Down East Capitol and then through the grounds and down Penn, pretty much the same as always. Except it was hot. I guess summer is here for real now. Around 11th, a man on a bicycle pulled alongside me at the stop light. Ok. And then he decided that he would pedal in front of me, before the light changed. That's fine. Someday I'll come up with something to say when someone pulls up alongside me. Maybe I'll say "nice profile" or maybe I'll say "why are you next to me?" but I don't think either of these will elicit any sort of interesting responses. And then between 11th and 13th, I decided that I would pass the man who simply couldn't resist the urge to ride in front of me and then when I realized that the light at 13th was about to turn red and we were about to repeat the cycle, I decided that I would turn right on 13th and ride north. I'd never taken this route before.
13th, much like 11th, is amply wide for bike lanes. This is a reminder that the lack of bike lanes is a political problem and not an engineering one. 13th also has some little hills, This is a reminder that the lack of flatness is a geological problem and not a political one.
Plenty of bicyclists coming in the opposite direction. It's a pretty even divide between normal clothes and athletic clothes. Even with a shorter ride, I'm pretty sure that I still wouldn't make it to work without engrossing (not the correct usage of this word) myself. Also, a lot of cotton t-shirts. Cotton, while the fabric of our lives, doesn't make for the best bicycling attire. But, better than biking a polyester leisure suit. For any number of reasons.
Have you ever biked through Logan Circle? It's sort of, vaguely, safe to do, but the lane markings are very confusing. I didn't want to ride too far to the right, as that would force me on to Rhode Island Avenue, but riding too far to the left would've put me in front of a line of cars and my lack of familiarly with the traffic circle caused me to prize my being away from cars rather than closer to them. So, I rode sort of in the middle and might've just wholly ignored the lane markings, but I made it out the other side, took a left on R Street and then followed my normal route. I guess I would take 13th again, but there are better odd, prime number north-south streets for bicycling.
I don't recall too much being amiss with my ride on R, except for some road construction. I followed another bicyclist up Massachusetts. He was on a mountain bike and his post squeaked with each pedal. After the South African Embassy, I decided that I would pass him. I said "on your left," and rode by and never looked back. Don't look back. Never look back.
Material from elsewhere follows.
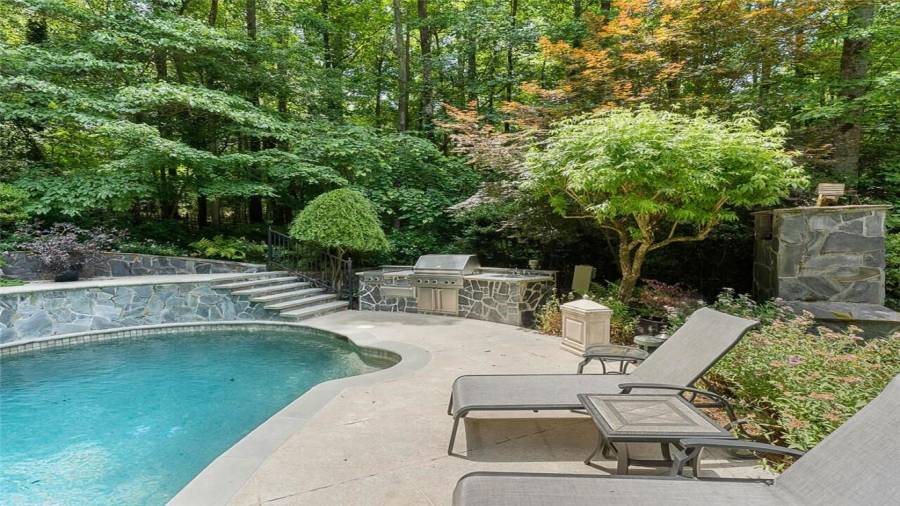 Enjoy the outdoor Viking grill & warming drawer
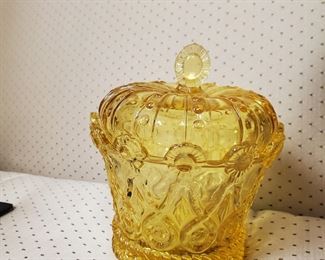 Fostoria!  The crowning touch!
My sincere hope is that car horns, in the future, will be automated. For example, as "danger sensor" technology (you know- like how some high end cars come equipped with emergency sensors to avoid collisions or something), becomes cheaper and trickles down into lower end cars, it would make sense to have the car do the honking rather than the driver. Whenever the car senses trouble, it can honk. We've allowed drivers to honk for themselves for too long and all we've ever gotten from it is copious noise pollution and bullying by decibels. Honking horns are one of the worst sounds of the cityscape and it would be a real quality of life improvement to eradicate them.